Nice to see you!

Three major events occurred for me last year (2010), all in the space of about 2 weeks. I turned 50. The following day I got married. Two weeks later, my oldest daughter became pregnant with her first child and my first grandchild.

Most middle-aged people will tell you that in their minds, they still feel 20 something. It's the same for me.

Wasn't it only yesterday that I was planning a night out with guys from the surf club? That gorgeous new perm. Flaired, cuffed denims and the red t-shirt with the off-the-shoulder frill. Corked platform wedgies. **sigh**

Suddenly I'm looking in the mirror and wondering how 30 years can flash by so damned quickly!

So here I am in cyberspace, sharing my genuine shock and horror with anyone who'll listen and maybe I'll even meet some other over 50s who find themselves in the same predicament!

Welcome to my dilemna!!

Saturday, September 29, 2012

Burrum Heads Inaugural Fun Tour

So much for planning a couple of quiet days at home ...

I am sunburnt and exhausted after a busy (almost) five hours pedalling around town catching up to and photographing 80 odd participants in the Fun Tour today.

I actually left home at 7am but didn't begin my duties with the Fun Tour until 8.20am.

The Fun Tour consisted of three different tours to choose from

  1. 5km short walk.
  2. 10km long walk.
  3. 10km bike ride.
It was an optional dress-up day - as something beginning with 'B'.

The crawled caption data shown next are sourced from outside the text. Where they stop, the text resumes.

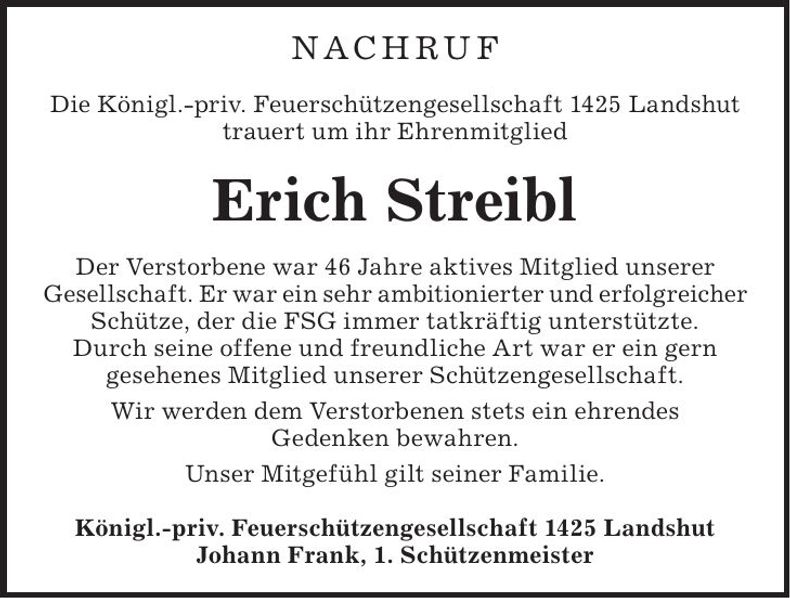 Traueranzeige Erich Streibl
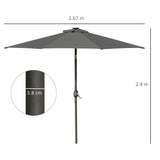 Polyester Tilting Parasol Umbrella With 24 LED Light 267cm Diameter - Velmora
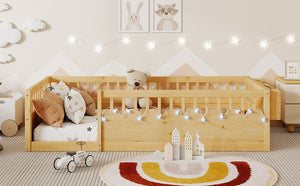English Elm Twin Montessori Floor Bed Frame with High Rails and Built-In Light Shelf for Safe Independent Sleep Natural 79.13 L x 13 W x 6.3 H W2593P333571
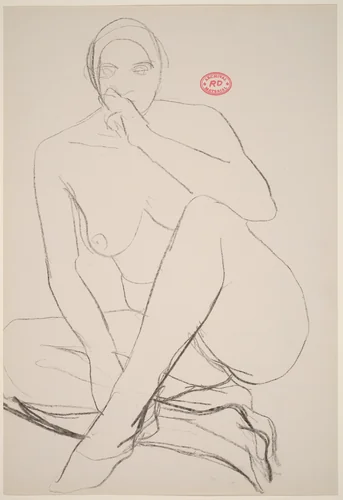 Untitled [seated female nude with hand to mouth] by Richard Diebenkorn, drawing, 1955-1967
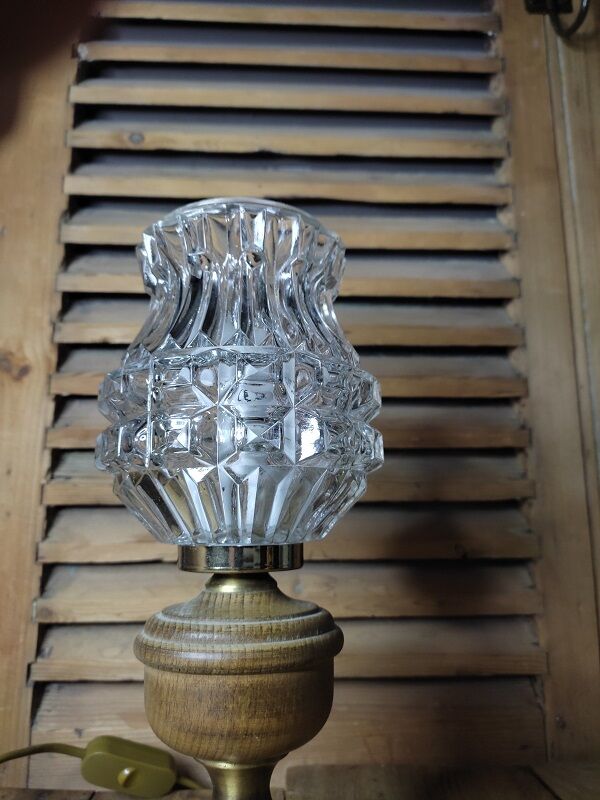 Bedside lamp Desk base brass wood Globe old vintage molded glass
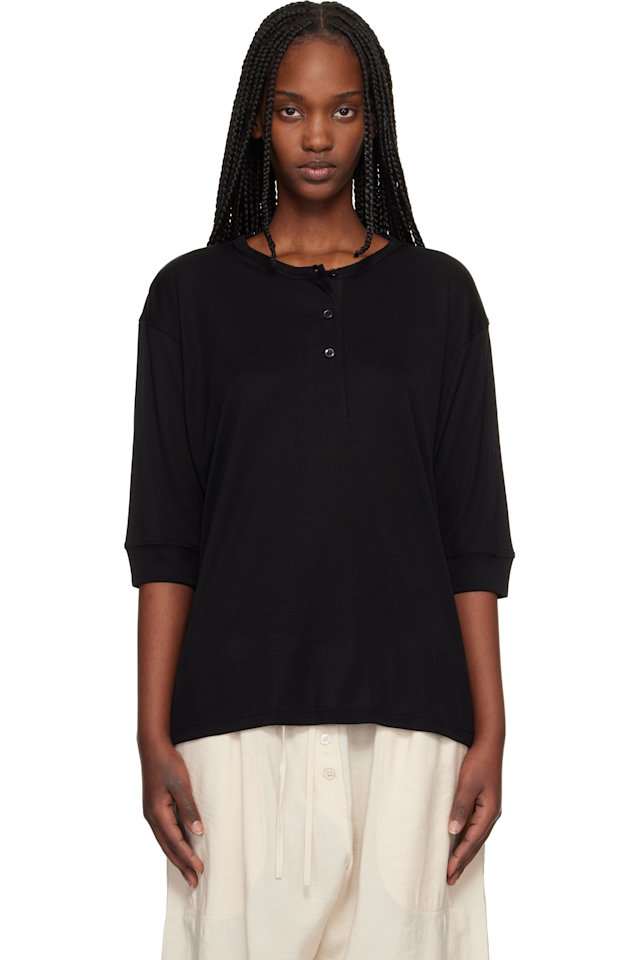 Studio Nicholson — Black Lorem Jersey Henley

During the walk/ride, there were check points where tasks had to be completed and there was also a questionnaire that had to be completed with about 45 questions.

At the end of the walk, there was an inflatable water slide, inflatable rock wall and a dunking machine for the kids.  The Bar was open.  A sausage sizzle.  Market stalls.

There were over $1000 worth of prizes for participants and also three raffles.

I left before the winners were announced and the prizes distributed.

It was quite a big crowd, considering it was the first time this event had been held and the Progress Association only had 3 months to plan it.

They did an excellent job and the crowd was enthusiastic and happy.  There were lots of groups walking together and families and a couple of groups of young teenagers who joined in using their skate boards and scooters.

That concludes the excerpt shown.